Als ondernemers het hebben over de arbeidsmarkt en het onderwijs, dan heeft dat bij voorbaat iets verdachts. Althans, zo laat Yves Desmet in zijn commentaarstuk 'Bespaar ons een onderwijs dat volledig in functie staat van de economie' doorschemeren. Ondernemers houden in die redenering niet van wereldburgers, mensen die openstaan voor andere culturen of nog: "democratische burgers, die er niet enkel zijn om jobs in te vullen". Dergelijke uitspraken zullen het debat alvast niet vooruithelpen, laat staan de jongeren aan een job helpen.

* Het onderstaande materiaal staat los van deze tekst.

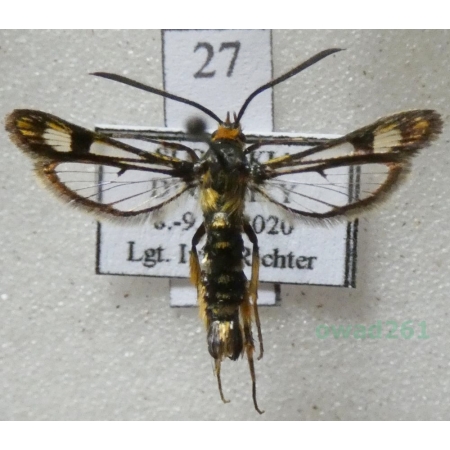 Chamaesphecia tenthrediniformis (Denis & Schiffermüller, 1775) Slovakia27n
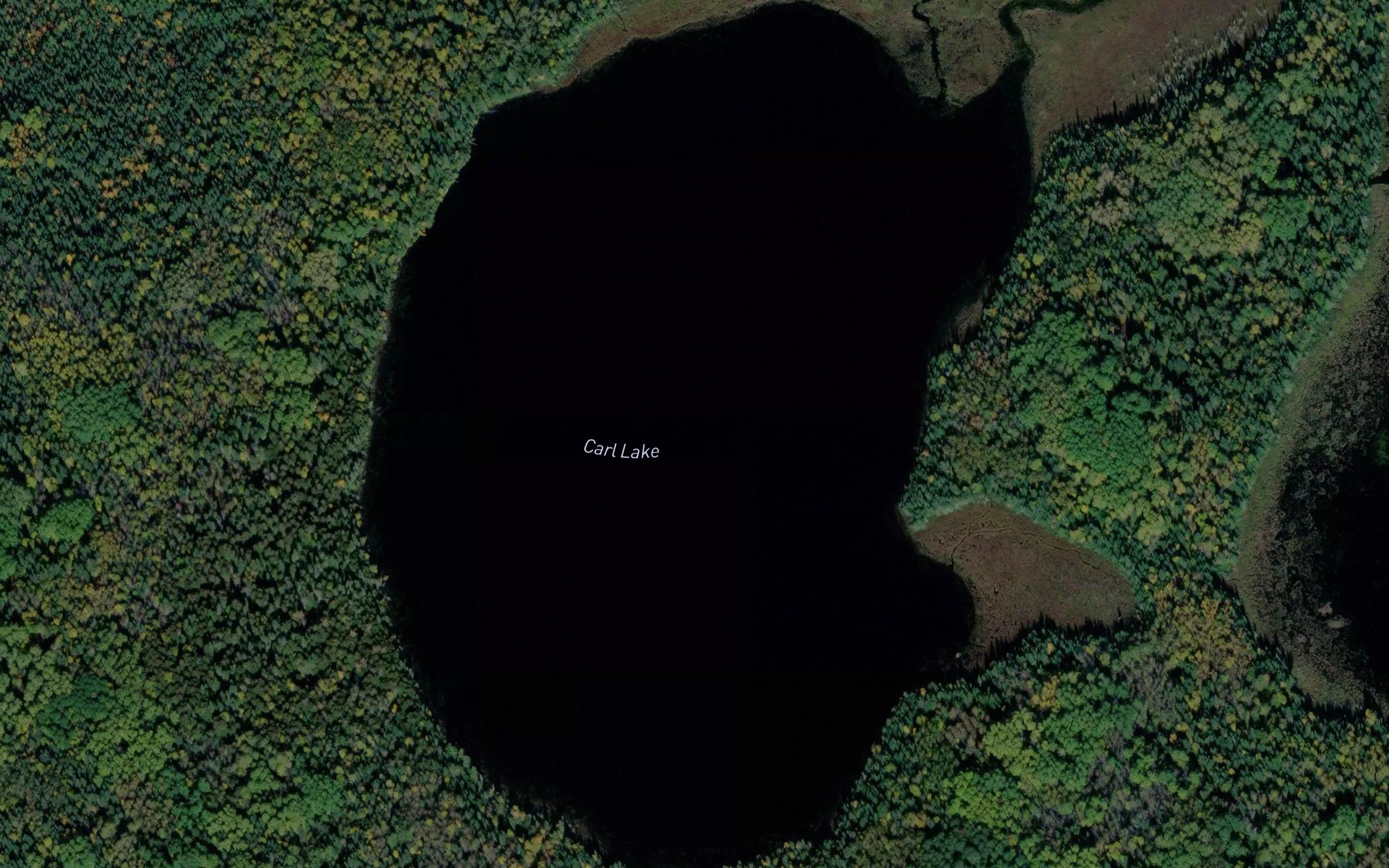 Carl Lake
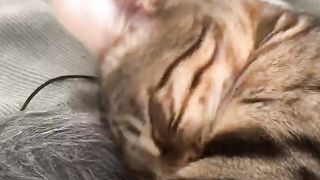 Voici pourquoi ton chat fait pipi partout ???????? .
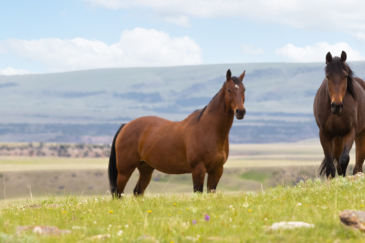 montana ranch for sale pryor mountains outlaw ranch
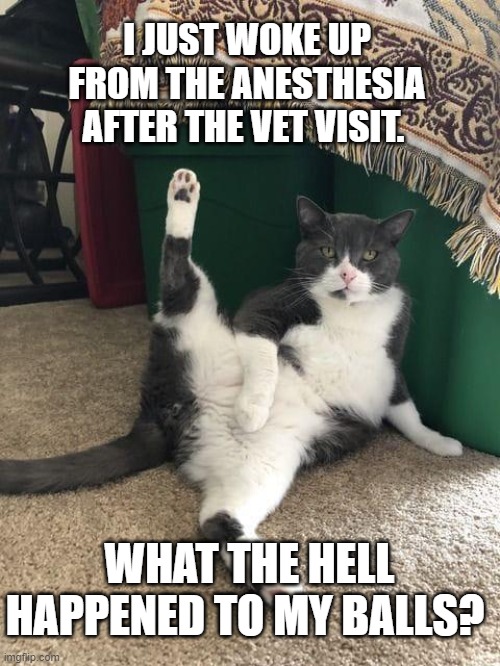 I JUST WOKE UP FROM THE ANESTHESIA AFTER THE VET VISIT. WHAT THE HELL HAPPENED TO MY BALLS? | made w/ Imgflip meme maker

Onderwijs moet los staan van de arbeidsmarkt, daar zijn we het mee eens. Maar onderwijs en arbeidsmarkt moeten wel solide bruggen met elkaar bouwen. Zonder die bruggen kun je de welvaart in een regio niet verder uitbouwen, laat staan een groei bevorderend klimaat voor ondernemingen creëren. Dat vraagt wendbaarheid en aanpassingsvermogen in een steeds sneller veranderende wereld. Daar moeten ondernemingen zich aan aanpassen, maar a fortiori ook het onderwijs. Trouwens: leiden we niet jongeren op voor de jobs die vandaag zelfs nog niet bestaan?

Het klopt dat er vanuit de ondernemerswereld een grote vraag is naar technisch geschoolde talenten. Die vraag staat ook centraal bij het hervormingsdebat van het secundair onderwijs dat vandaag in Vlaanderen volop aan de gang is. Dat betekent niet dat er een devaluatie van de humane wetenschappen is, integendeel, maar het wordt tijd dat we af stappen van die strenge tweedeling tussen humane en niet-humane wetenschappen.

Net door dit soort debatten worden de meer technische richtingen niet naar waarde geschat. Als we vaststellen dat meer dan de helft van de studenten in het eerste jaar hoger universitair onderwijs niet slaagt (ook in de humane richtingen), dan betekent dat dat het talent van jongeren niet op de juiste manier wordt gekanaliseerd. Dat wil zeggen dat het oriënteren van talent een absolute prioriteit moet zijn in een dergelijk debat. Uitgaan van de kracht en het talent van de studenten, veeleer dan het maatschappelijk stigma dat door dit soort debatten wordt gecreëerd. Daar speelt ook de ondernemingswereld een rol in. Zij kunnen meehelpen het talent van jongeren te ontwikkelen door te tonen hoe je theoretische kennis in de praktijk kunt toepassen. Ze kunnen leerlingen ook veel meer sensibiliseren voor wat je later met een diploma kunt doen. Wie kan daar iets tegen hebben?

Geen alleenrecht

Niemand onderschat de waarde van humane richtingen, maar het "maatschappelijk kritisch vormen" tot "democratische burgers" is niet het alleenrecht van de humane richtingen. Alsof een ingenieur of een vertaler-tolk deze kwaliteiten niet zou bezitten.

Onderwijs moet meer zijn dan het creëren van 'another brick in the wall', het moet jongeren opleiden en laten kennismaken met alle actoren waarmee ze later in de maatschappij geconfronteerd zullen worden. En daar maken ondernemers integraal deel van uit.